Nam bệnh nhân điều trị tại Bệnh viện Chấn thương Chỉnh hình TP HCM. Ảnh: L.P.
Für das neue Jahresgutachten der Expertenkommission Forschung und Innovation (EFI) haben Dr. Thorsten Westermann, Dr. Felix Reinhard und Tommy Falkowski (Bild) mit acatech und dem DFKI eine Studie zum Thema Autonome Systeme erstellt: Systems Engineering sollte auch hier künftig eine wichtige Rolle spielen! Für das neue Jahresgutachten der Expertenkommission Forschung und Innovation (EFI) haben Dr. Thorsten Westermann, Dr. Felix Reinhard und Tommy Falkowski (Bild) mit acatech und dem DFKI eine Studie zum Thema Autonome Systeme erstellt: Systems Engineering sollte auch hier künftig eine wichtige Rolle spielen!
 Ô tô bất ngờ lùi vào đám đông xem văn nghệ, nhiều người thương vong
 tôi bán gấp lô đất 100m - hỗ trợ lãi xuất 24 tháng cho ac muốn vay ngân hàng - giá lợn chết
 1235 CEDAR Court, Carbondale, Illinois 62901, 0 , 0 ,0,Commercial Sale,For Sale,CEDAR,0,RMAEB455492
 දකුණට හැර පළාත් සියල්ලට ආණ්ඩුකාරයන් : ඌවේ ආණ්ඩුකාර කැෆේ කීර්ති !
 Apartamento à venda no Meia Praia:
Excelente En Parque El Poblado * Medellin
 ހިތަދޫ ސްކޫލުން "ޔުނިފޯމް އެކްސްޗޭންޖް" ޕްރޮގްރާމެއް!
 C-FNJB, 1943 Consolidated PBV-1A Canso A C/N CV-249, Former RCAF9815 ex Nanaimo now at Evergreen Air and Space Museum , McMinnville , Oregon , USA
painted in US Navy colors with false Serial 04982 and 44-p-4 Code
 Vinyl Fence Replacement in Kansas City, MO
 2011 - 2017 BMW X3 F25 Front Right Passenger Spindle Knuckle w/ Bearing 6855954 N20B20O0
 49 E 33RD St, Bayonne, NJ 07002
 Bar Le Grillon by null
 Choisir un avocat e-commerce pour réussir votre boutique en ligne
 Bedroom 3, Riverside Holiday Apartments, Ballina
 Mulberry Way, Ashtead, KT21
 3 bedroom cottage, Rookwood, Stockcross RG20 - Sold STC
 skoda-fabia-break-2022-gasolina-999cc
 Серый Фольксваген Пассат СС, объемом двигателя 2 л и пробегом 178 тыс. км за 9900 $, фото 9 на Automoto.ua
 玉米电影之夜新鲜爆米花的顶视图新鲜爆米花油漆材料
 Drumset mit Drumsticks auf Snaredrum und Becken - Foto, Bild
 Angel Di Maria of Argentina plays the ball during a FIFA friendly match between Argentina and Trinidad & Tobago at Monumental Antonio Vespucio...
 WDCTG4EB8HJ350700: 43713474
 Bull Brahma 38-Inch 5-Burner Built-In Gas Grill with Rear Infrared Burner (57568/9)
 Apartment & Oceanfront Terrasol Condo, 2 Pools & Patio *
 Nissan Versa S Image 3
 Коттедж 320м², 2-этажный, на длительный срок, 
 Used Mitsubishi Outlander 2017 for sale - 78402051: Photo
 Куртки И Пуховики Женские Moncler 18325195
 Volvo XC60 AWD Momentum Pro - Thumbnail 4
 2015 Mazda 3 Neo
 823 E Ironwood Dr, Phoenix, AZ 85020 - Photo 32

■ ■ ■ ■ ■

What to work on = Copy the data above in full, character for character.

Answer for this exercise =
Nam bệnh nhân điều trị tại Bệnh viện Chấn thương Chỉnh hình TP HCM. Ảnh: L.P.
Für das neue Jahresgutachten der Expertenkommission Forschung und Innovation (EFI) haben Dr. Thorsten Westermann, Dr. Felix Reinhard und Tommy Falkowski (Bild) mit acatech und dem DFKI eine Studie zum Thema Autonome Systeme erstellt: Systems Engineering sollte auch hier künftig eine wichtige Rolle spielen! Für das neue Jahresgutachten der Expertenkommission Forschung und Innovation (EFI) haben Dr. Thorsten Westermann, Dr. Felix Reinhard und Tommy Falkowski (Bild) mit acatech und dem DFKI eine Studie zum Thema Autonome Systeme erstellt: Systems Engineering sollte auch hier künftig eine wichtige Rolle spielen!
 Ô tô bất ngờ lùi vào đám đông xem văn nghệ, nhiều người thương vong
 tôi bán gấp lô đất 100m - hỗ trợ lãi xuất 24 tháng cho ac muốn vay ngân hàng - giá lợn chết
 1235 CEDAR Court, Carbondale, Illinois 62901, 0 , 0 ,0,Commercial Sale,For Sale,CEDAR,0,RMAEB455492
 දකුණට හැර පළාත් සියල්ලට ආණ්ඩුකාරයන් : ඌවේ ආණ්ඩුකාර කැෆේ කීර්ති !
 Apartamento à venda no Meia Praia:
Excelente En Parque El Poblado * Medellin
 ހިތަދޫ ސްކޫލުން "ޔުނިފޯމް އެކްސްޗޭންޖް" ޕްރޮގްރާމެއް!
 C-FNJB, 1943 Consolidated PBV-1A Canso A C/N CV-249, Former RCAF9815 ex Nanaimo now at Evergreen Air and Space Museum , McMinnville , Oregon , USA
painted in US Navy colors with false Serial 04982 and 44-p-4 Code
 Vinyl Fence Replacement in Kansas City, MO
 2011 - 2017 BMW X3 F25 Front Right Passenger Spindle Knuckle w/ Bearing 6855954 N20B20O0
 49 E 33RD St, Bayonne, NJ 07002
 Bar Le Grillon by null
 Choisir un avocat e-commerce pour réussir votre boutique en ligne
 Bedroom 3, Riverside Holiday Apartments, Ballina
 Mulberry Way, Ashtead, KT21
 3 bedroom cottage, Rookwood, Stockcross RG20 - Sold STC
 skoda-fabia-break-2022-gasolina-999cc
 Серый Фольксваген Пассат СС, объемом двигателя 2 л и пробегом 178 тыс. км за 9900 $, фото 9 на Automoto.ua
 玉米电影之夜新鲜爆米花的顶视图新鲜爆米花油漆材料
 Drumset mit Drumsticks auf Snaredrum und Becken - Foto, Bild
 Angel Di Maria of Argentina plays the ball during a FIFA friendly match between Argentina and Trinidad & Tobago at Monumental Antonio Vespucio...
 WDCTG4EB8HJ350700: 43713474
 Bull Brahma 38-Inch 5-Burner Built-In Gas Grill with Rear Infrared Burner (57568/9)
 Apartment & Oceanfront Terrasol Condo, 2 Pools & Patio *
 Nissan Versa S Image 3
 Коттедж 320м², 2-этажный, на длительный срок, 
 Used Mitsubishi Outlander 2017 for sale - 78402051: Photo
 Куртки И Пуховики Женские Moncler 18325195
 Volvo XC60 AWD Momentum Pro - Thumbnail 4
 2015 Mazda 3 Neo
 823 E Ironwood Dr, Phoenix, AZ 85020 - Photo 32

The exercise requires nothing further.